L’influent écologiste Steven Guilbeault, cofondateur de l’organisation environnementale québécoise Equiterre, élu sous la bannière libérale en octobre, n’a pas été retenu comme ministre de l’environnement afin de ne pas envenimer les relations déjà compliquées avec l’ouest du pays pétrolifère, mais il entre néanmoins au gouvernement, où il sera chargé du patrimoine canadien.

Autre geste significatif à l’endroit des Québécois : Justin Trudeau s’est résolu à ressusciter une fonction dont il n’avait pas voulu en 2015, celle de lieutenant pour le Québec.

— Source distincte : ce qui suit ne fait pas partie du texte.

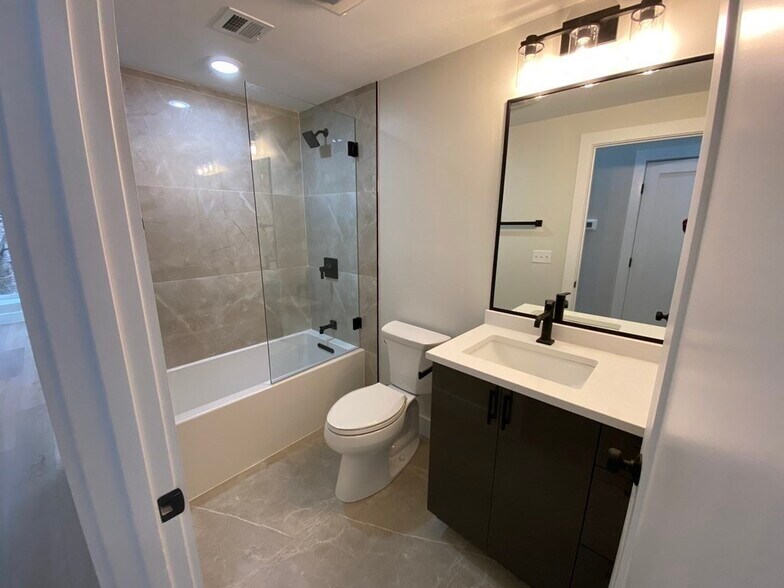 Building Photo - 301 Somerville Ave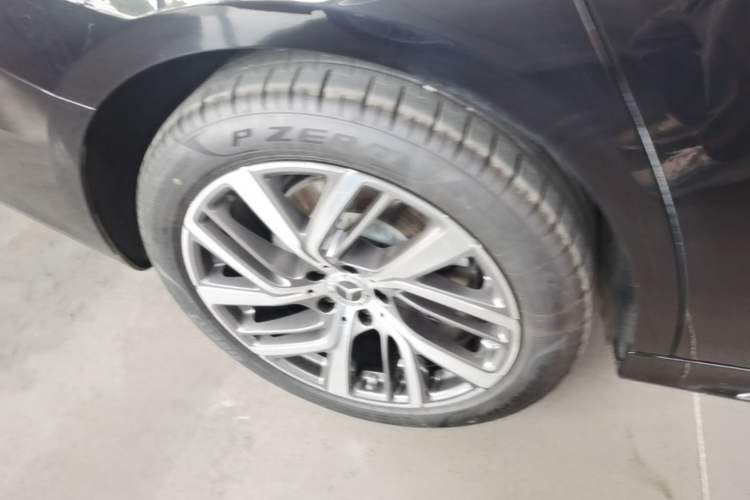 Used Mercedes-Benz E-Class 2025 Facelift E 300 L Fashion Edition Right Rear Wheel Hub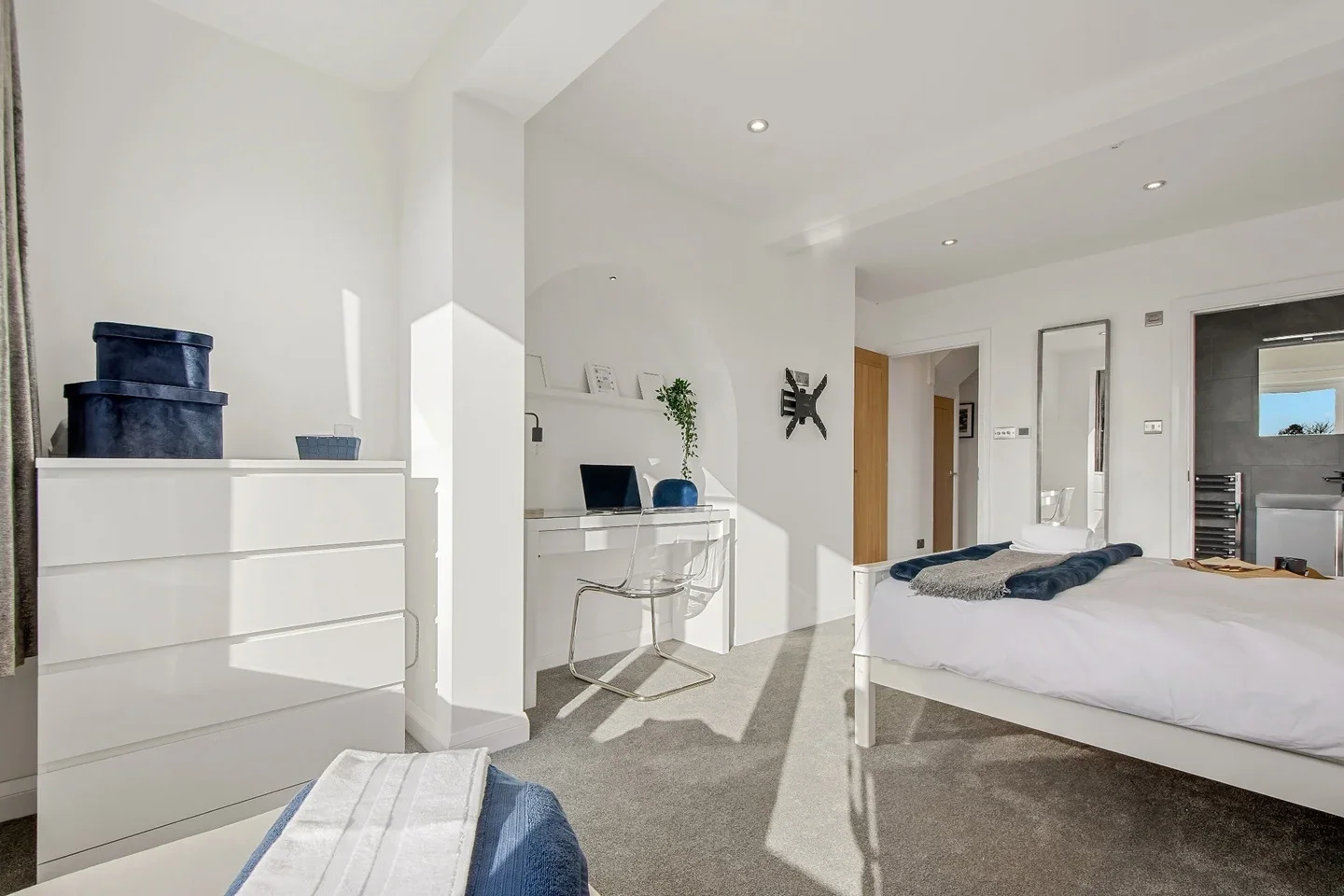 Room Lewis Road in Kettering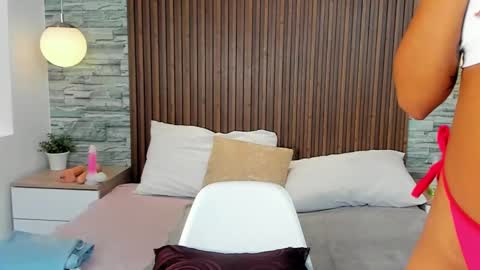 Snapshot of miagomezx chatting on 09/17/25, 08:10 miagomezx online show from 09/17/25, 08:10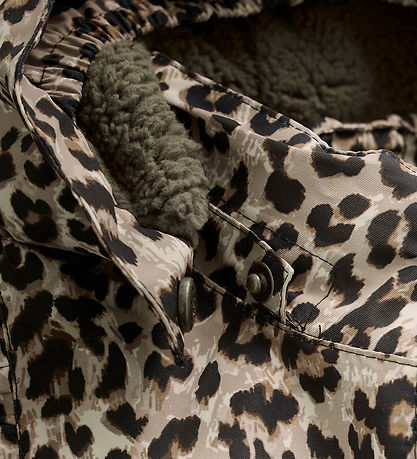 En Fant Flyverdragt - m. Teddy - Frills - Pine Bark m. Leopard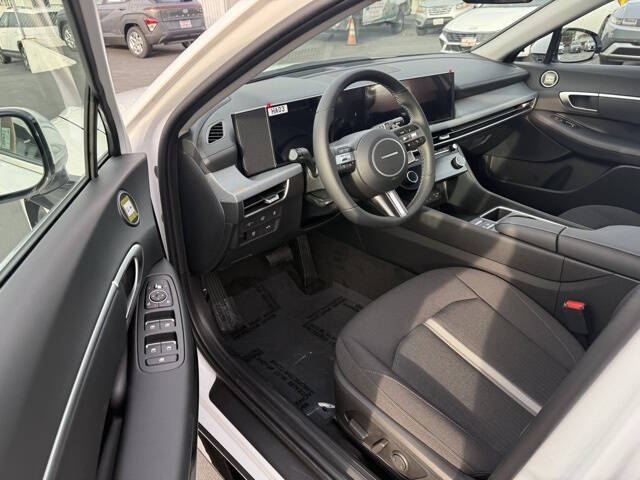 2025 Hyundai Sonata Hybrid SEL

La fonction échoit au Montréalais Pablo Rodriguez. Il sera le point de contact entre Ottawa et le gouvernement du Québec, dirigé depuis un an par François Legault, un premier ministre de centre droit, nationaliste modéré, très sourcilleux quant au respect de ses compétences provinciales.

Réservoir d’électeurs

Si Justin Trudeau manifeste tant d’égards pour la province, c’est qu’il compte sur les Québécois à deux titres. A la tête d’un gouvernement minoritaire, il a besoin de la neutralité sinon du soutien des élus du Bloc québécois à la Chambre des communes pour faire adopter ses lois. Ensuite, en cas d’élections anticipées susceptibles d’être déclenchées à tout moment, c’est au Québec que se trouve son réservoir de gain d’électeurs et non dans les provinces de l’Ouest, dont certaines ont d’ailleurs rayé les élus libéraux de la carte aux dernières élections (Alberta, Saskatchewan). Sa gageure tient au fait que, québécois lui-même et élu de Montréal, le premier ministre du gouvernement fédéral doit faire oublier qu’il se vit d’abord comme un Canadien, quand le sentiment général au Québec s’exprime en sens inverse, québécois avant d’être canadien.